Extracted data entries
****
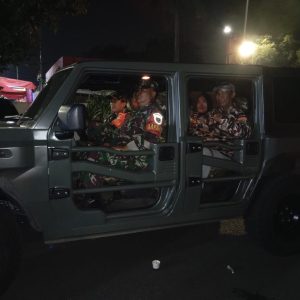Kolaborasi Patroli/Siskamling Kodim 0505/JT dengan Komduk di Wilayah Cakung.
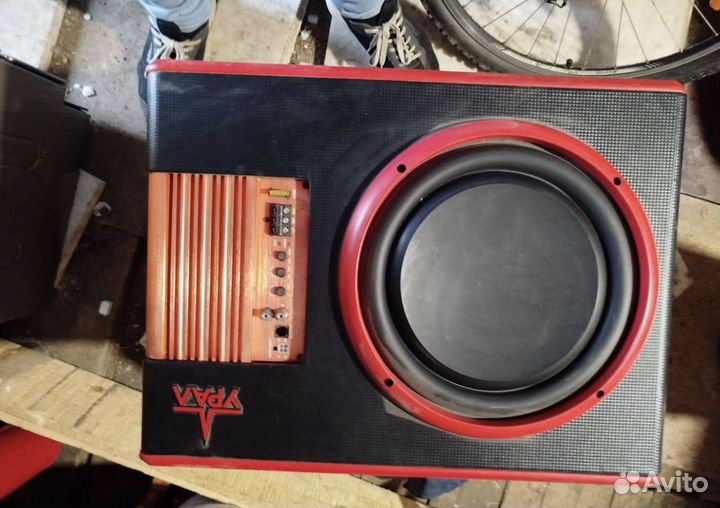 Активный сабвуфер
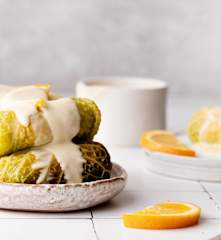 Rollitos de repollo con salmón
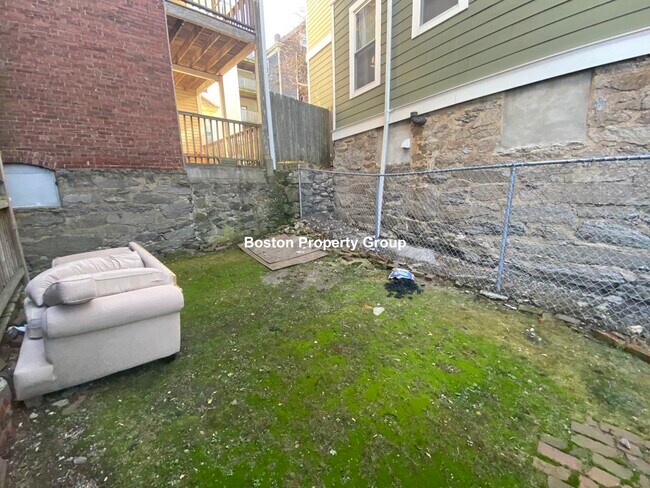 51 Calumet St unit 1, Roxbury Crossing, MA 02120 - photo 3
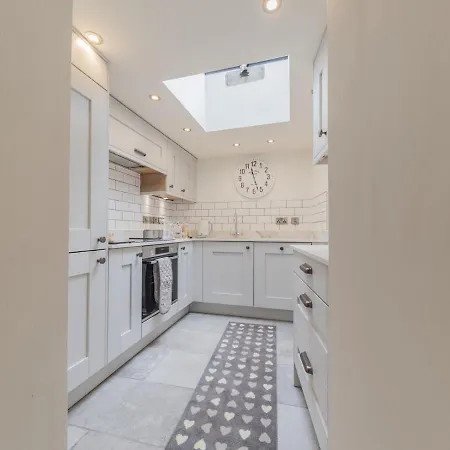 Mop Fair Sunny Garden Town Centre - Pass The Keys 울버스톤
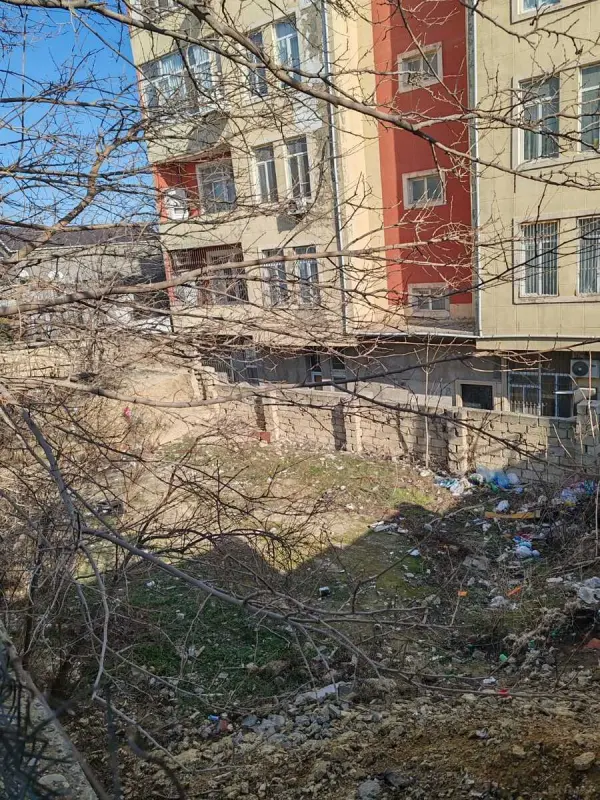 Satılır torpaq sahəsi 2 m²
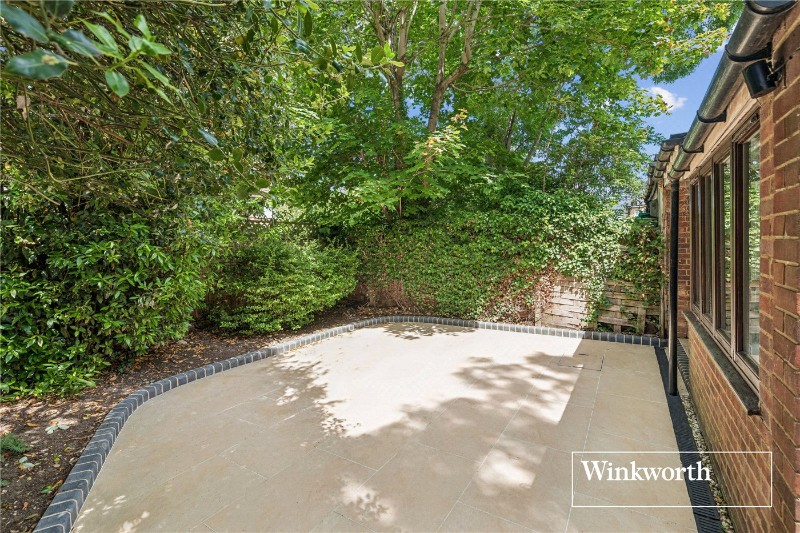 Oakfield Road, Finchley, London, N3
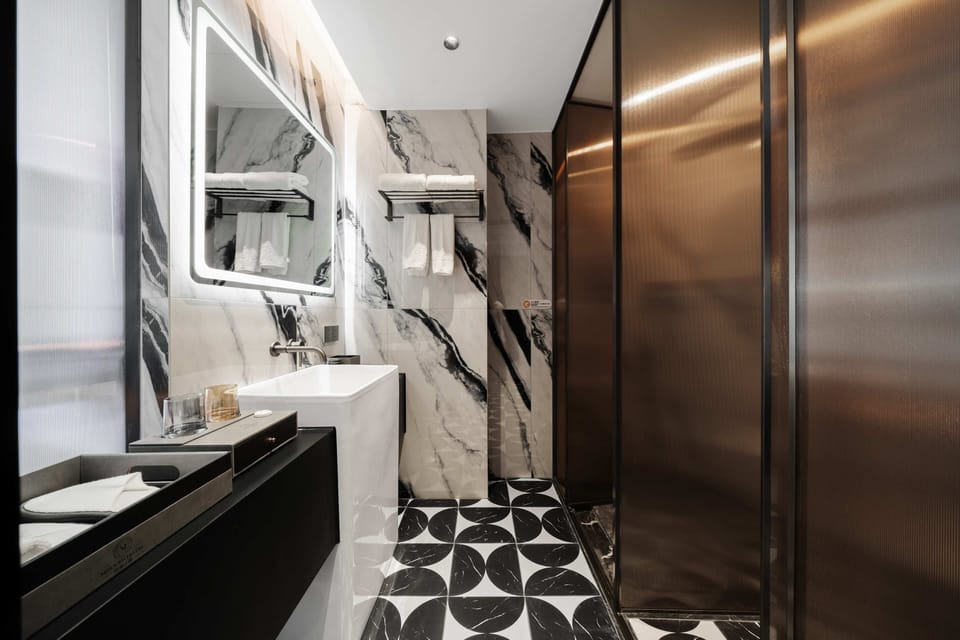 Classic Double Room, Pool View | Bathroom | Shower, hair dryer, slippers, towels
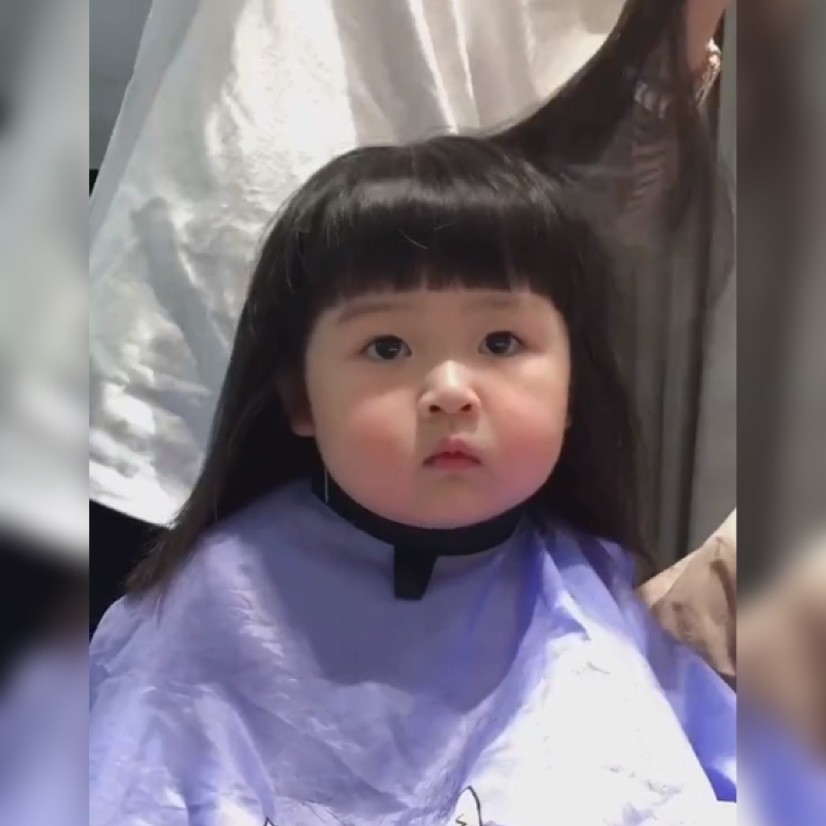 笑而不语的小饭粒:小方圆小时候圆圆脸没想到大了还真的有点方了太萌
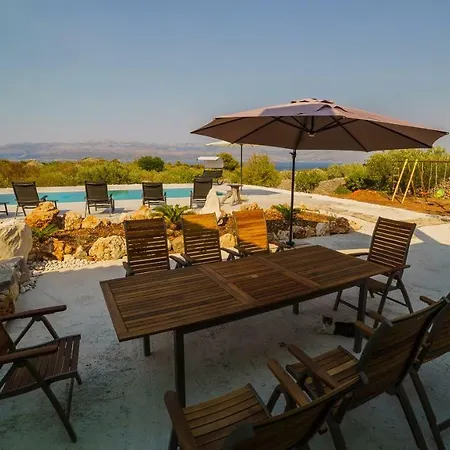Olive Harvest Villa Sutivan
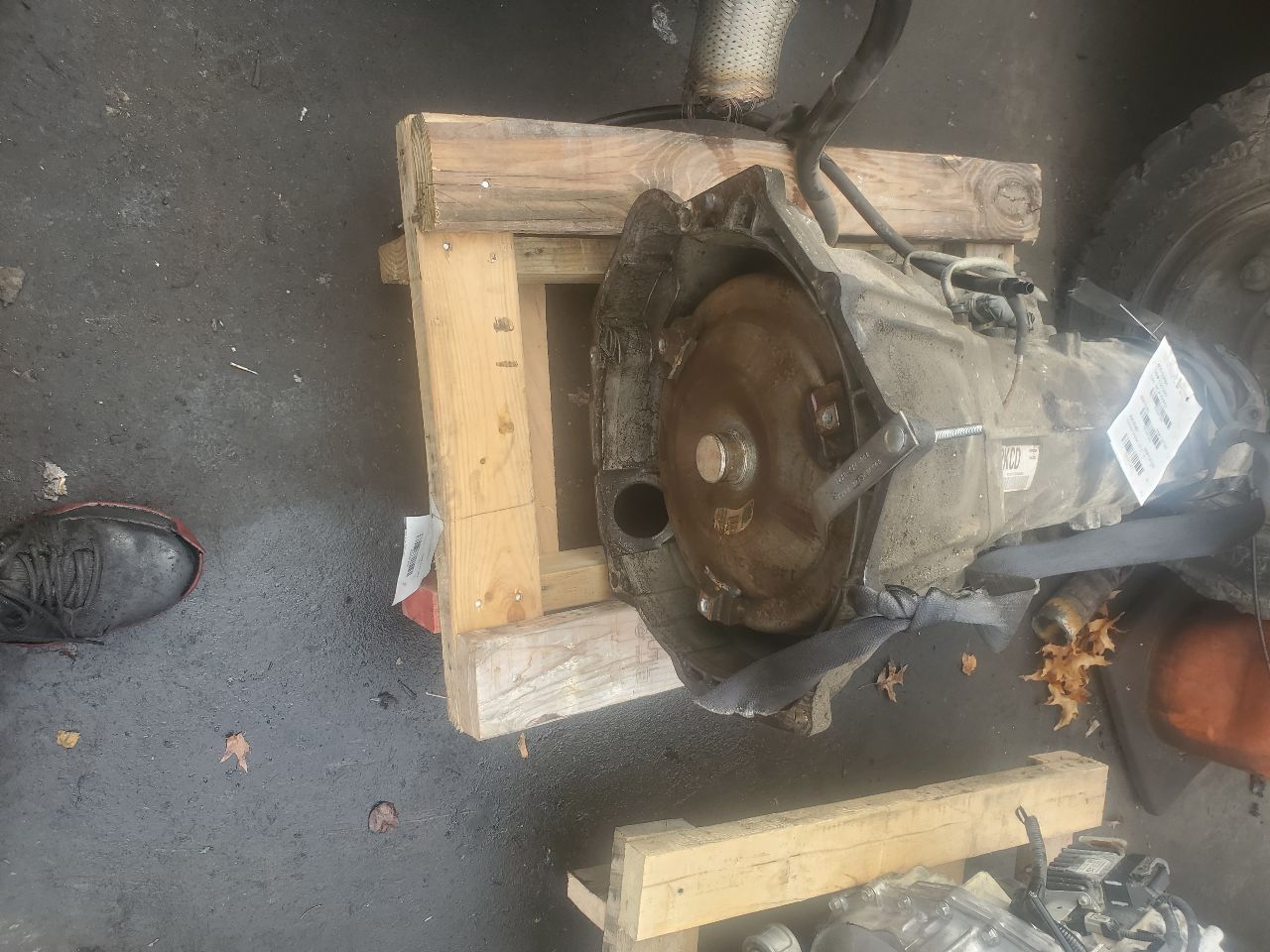 2002 GMC YUKON 8cyl Gasoline 5.3 FLEX Transmiss,Transaxle - 381243 — photo 4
****
What you should do
Could you please return the entries above exactly, minus the pictures?

Task answer
Kolaborasi Patroli/Siskamling Kodim 0505/JT dengan Komduk di Wilayah Cakung.
 Активный сабвуфер
 Rollitos de repollo con salmón
 51 Calumet St unit 1, Roxbury Crossing, MA 02120 - photo 3
 Mop Fair Sunny Garden Town Centre - Pass The Keys 울버스톤
 Satılır torpaq sahəsi 2 m²
 Oakfield Road, Finchley, London, N3
 Classic Double Room, Pool View | Bathroom | Shower, hair dryer, slippers, towels
 笑而不语的小饭粒:小方圆小时候圆圆脸没想到大了还真的有点方了太萌
Olive Harvest Villa Sutivan
 2002 GMC YUKON 8cyl Gasoline 5.3 FLEX Transmiss,Transaxle - 381243 — photo 4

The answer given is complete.